In my own lifetime historic major positive changes have usually come about only after prolonged flirtations with brinkmanship. Obamacare is a vivid recent case in point. Even more recently, the struggle to save Obamacare from Trump's lethal assaults against it was a similar nail biter. Going back to my childhood, despite large Democratic majorities in Congress, the fate of LBJ's Civil Right's agenda was very much in doubt until the very end, with strong resistance from many southern Democrats making ultimate passage doubtful. Most Americans though soon forget these epic struggles, what they live with and long remember are the results.

And when I say that "best is better than sooner", I am not defining "best" by pie in the sky metrics. For me "best" means the best that can be obtained under current circumstances. Those who know me here know me as a self identified "progressive", but you won't find me "crying about spilled milk" over items left out of President Biden's Build Back Better framework. I fought for decades to further all of the objectives that the original 3.5 Trillion dollar legislation advanced, AND MORE. I trust President Biden however, and he's been up to his armpits in all of the congressional negotiations. Now it is time to lock in a win, on the terms that he has determined are possible. If an agreement can be reached within days to improve that framework further, great. If not, so be it.

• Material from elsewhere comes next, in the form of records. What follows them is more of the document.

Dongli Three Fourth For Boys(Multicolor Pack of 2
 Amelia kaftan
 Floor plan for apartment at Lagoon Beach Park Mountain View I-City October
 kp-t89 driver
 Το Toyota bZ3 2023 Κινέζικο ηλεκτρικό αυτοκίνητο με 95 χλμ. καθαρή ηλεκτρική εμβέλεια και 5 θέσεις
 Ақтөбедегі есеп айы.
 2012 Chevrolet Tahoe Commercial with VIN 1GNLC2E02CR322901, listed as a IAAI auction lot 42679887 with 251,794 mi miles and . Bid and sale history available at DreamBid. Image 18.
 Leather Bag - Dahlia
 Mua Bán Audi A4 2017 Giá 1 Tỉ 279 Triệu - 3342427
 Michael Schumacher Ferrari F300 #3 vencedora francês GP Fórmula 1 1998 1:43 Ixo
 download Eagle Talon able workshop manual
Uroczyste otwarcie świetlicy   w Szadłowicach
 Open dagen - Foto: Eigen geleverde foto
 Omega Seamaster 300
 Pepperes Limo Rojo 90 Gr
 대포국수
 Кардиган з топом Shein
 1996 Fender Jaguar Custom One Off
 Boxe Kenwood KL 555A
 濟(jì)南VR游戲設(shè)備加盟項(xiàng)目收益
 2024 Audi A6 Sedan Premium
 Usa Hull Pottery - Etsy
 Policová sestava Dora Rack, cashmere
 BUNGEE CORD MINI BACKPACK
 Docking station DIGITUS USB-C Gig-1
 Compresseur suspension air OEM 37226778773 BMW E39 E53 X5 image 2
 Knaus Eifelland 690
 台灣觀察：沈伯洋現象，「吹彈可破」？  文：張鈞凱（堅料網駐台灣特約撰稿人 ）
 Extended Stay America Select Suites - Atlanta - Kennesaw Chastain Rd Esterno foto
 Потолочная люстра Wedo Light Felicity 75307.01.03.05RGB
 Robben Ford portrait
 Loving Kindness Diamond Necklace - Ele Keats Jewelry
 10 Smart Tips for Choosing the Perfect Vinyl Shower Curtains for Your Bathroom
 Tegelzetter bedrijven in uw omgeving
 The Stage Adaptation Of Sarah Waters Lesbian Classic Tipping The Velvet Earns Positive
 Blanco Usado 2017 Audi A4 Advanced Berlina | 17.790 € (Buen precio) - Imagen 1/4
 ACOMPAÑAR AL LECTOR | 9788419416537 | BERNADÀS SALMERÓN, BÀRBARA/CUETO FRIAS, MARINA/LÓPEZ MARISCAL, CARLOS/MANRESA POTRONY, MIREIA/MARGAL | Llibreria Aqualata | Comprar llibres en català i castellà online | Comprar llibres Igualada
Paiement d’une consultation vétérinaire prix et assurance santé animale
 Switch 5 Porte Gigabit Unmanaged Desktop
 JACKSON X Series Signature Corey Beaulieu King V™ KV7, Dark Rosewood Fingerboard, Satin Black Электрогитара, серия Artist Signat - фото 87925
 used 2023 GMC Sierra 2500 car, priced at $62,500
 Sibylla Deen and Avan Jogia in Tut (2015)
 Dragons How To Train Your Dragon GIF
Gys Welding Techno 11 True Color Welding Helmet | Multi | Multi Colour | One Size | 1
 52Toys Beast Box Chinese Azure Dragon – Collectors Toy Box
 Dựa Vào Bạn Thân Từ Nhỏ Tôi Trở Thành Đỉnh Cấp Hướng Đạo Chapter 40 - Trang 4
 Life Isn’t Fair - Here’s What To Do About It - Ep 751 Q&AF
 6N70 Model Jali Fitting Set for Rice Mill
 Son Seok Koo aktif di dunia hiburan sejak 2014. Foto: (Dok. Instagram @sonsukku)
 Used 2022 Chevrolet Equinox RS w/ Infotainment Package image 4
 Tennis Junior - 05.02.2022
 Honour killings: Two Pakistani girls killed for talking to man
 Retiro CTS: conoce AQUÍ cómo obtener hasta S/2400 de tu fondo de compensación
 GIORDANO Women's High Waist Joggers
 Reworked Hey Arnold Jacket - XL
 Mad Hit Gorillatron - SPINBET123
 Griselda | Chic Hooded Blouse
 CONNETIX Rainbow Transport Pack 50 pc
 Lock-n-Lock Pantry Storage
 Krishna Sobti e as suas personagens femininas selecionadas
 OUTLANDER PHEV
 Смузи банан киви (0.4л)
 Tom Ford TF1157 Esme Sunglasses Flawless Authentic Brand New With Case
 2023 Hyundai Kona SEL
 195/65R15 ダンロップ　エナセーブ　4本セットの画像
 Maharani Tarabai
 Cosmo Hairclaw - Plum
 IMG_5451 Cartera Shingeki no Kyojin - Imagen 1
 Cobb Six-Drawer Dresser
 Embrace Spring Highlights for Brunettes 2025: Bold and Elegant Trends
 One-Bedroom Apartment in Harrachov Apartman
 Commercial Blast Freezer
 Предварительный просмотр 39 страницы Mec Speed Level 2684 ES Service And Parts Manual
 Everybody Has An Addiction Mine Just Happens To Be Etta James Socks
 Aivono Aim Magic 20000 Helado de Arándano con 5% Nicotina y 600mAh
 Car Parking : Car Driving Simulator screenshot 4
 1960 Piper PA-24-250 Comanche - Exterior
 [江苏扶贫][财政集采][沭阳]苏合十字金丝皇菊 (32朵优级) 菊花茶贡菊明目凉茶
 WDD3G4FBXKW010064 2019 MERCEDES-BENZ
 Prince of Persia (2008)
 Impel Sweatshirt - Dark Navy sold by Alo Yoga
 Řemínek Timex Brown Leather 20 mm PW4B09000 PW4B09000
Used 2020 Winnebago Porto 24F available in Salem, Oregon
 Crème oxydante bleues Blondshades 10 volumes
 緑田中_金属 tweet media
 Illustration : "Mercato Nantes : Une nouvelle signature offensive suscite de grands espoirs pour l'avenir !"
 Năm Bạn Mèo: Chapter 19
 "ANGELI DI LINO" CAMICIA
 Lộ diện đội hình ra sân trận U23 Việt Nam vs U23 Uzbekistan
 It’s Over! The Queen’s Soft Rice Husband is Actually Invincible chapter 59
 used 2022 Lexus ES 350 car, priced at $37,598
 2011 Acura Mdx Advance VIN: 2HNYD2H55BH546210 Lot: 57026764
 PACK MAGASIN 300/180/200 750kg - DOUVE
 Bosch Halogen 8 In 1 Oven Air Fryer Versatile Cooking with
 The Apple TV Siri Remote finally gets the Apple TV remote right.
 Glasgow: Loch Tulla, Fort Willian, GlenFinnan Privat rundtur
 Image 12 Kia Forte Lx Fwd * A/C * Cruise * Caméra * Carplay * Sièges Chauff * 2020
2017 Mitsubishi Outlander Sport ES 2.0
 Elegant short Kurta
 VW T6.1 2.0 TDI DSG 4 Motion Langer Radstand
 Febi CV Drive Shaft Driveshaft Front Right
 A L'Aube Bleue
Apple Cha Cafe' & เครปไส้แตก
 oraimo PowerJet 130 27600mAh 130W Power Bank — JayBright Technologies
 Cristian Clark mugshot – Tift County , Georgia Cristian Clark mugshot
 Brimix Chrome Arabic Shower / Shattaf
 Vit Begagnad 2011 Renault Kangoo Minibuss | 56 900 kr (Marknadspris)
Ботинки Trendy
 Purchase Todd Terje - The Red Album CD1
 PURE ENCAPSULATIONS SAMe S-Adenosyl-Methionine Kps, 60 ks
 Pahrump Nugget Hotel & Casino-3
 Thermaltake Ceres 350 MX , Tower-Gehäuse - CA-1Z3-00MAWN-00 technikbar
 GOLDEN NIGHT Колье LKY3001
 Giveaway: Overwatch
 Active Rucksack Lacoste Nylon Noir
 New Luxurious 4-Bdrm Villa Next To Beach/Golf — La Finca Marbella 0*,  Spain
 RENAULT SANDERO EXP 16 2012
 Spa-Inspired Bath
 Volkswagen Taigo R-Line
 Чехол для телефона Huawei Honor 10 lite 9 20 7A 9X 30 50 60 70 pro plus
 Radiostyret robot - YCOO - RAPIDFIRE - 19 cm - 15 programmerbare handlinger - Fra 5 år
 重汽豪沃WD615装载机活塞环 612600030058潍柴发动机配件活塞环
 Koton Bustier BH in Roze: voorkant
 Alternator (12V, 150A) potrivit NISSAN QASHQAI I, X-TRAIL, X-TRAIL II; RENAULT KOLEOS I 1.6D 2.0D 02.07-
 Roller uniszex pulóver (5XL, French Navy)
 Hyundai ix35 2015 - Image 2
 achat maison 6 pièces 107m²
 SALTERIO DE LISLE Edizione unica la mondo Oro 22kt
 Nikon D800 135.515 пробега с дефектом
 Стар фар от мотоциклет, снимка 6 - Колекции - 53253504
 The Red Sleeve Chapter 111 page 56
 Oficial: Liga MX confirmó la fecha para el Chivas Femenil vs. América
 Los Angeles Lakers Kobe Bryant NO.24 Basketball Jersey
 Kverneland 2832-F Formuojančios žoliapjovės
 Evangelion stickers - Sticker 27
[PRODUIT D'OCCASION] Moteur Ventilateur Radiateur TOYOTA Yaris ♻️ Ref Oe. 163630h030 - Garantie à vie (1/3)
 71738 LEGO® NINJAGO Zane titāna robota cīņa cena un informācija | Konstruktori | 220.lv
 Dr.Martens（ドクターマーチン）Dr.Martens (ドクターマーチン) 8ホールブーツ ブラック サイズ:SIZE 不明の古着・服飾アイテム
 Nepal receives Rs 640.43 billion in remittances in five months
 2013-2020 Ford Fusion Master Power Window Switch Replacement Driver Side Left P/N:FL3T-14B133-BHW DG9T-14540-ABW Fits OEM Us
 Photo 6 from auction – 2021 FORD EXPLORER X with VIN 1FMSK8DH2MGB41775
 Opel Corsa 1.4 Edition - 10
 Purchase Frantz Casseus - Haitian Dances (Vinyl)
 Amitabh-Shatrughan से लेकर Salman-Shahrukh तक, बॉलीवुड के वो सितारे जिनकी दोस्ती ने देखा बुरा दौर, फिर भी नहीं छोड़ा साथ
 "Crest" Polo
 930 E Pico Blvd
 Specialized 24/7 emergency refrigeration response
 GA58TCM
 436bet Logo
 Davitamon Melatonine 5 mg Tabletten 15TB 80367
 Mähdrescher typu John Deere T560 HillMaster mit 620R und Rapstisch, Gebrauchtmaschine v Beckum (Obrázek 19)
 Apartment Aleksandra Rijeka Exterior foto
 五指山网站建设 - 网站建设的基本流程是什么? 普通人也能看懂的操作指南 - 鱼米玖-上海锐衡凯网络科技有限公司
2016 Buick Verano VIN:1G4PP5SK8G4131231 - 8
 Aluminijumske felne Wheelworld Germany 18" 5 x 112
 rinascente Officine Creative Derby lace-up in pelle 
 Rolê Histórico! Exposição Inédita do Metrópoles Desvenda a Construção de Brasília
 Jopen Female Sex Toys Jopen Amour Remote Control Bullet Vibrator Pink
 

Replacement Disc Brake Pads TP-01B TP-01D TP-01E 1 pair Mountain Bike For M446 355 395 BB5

But announcing a framework for a deal does not lock in a win on those terms. The announcement of a proposed framework spoke of "expectations" of full Democratic support, not of "commitments" of full Democratic support. For all of the focus some have placed on congressional Democratic "progressives" needing iron clad commitments that congressional Democratic "moderates" will support the final actual wording in a Build Back Better bill, Senator Joe Manchin refuses to commit to it also until he is certain that the final wording meets with his approval. House progressives have gone so far as to formally endorse President Biden's framework. The Senate Democratic holdouts have not. As matters now stand, we do not yet have a deal. But we are well within reach of one because all sides in this prolonged standoff are now strongly motivated to successfully "land this plane." Call me a cynic if you must, but I doubt that would be true were the fate of the Bipartisan Infrastructure Bill not directly linked to the fate of the Build Back Better Bill.

It is not wild leftist rhetoric to point out that the Bipartisan Infrastructure Bill has extensive corporate support. Corporate America wants that bill passed, because it is consistent with their own economic self interests. They have lobbied in favor of that legislation. Meanwhile they have lobbied against major provisions of the Build Back Better Bill. Of course this is no coincidence. The only reason why the so called "hard" infrastructure bill passed the Senate with Republican support is because most of the elements that corporate America found objectionable n President Biden's agenda for America were segregated out of that bill and crammed into the Build Back Better Bill which corporate lobbyists were then free to focus their fire on,

Even if Joe Manchin and Krysten Sinema are currently inclined toward backing President Biden's proposed framework, how many free spending lobbyists would cram into their offices with last second proposed "revisions" to the Build Back Better Bill, one minute after they secured final passage of the infrastructure bill, if the two pieces of legislation should become "de-linked?" THE DETAILS MATTER. Every ten billion dollars cut from the final Build Back Better Bill will leave tens of thousands of American families in poverty. Every subsidized housing unit cut will leave another family homeless. Every reform to make health insurance more affordable that gets further trimmed will mean more unnecessary deaths.

No matter how you look at it we are in the end game now. Both bills will come up for final passage soon, if not in days than in weeks. Sure sooner is better than later, but not at the expense of lives. I accept President Biden's revised agenda. Now let's make sure that we can deliver all of it.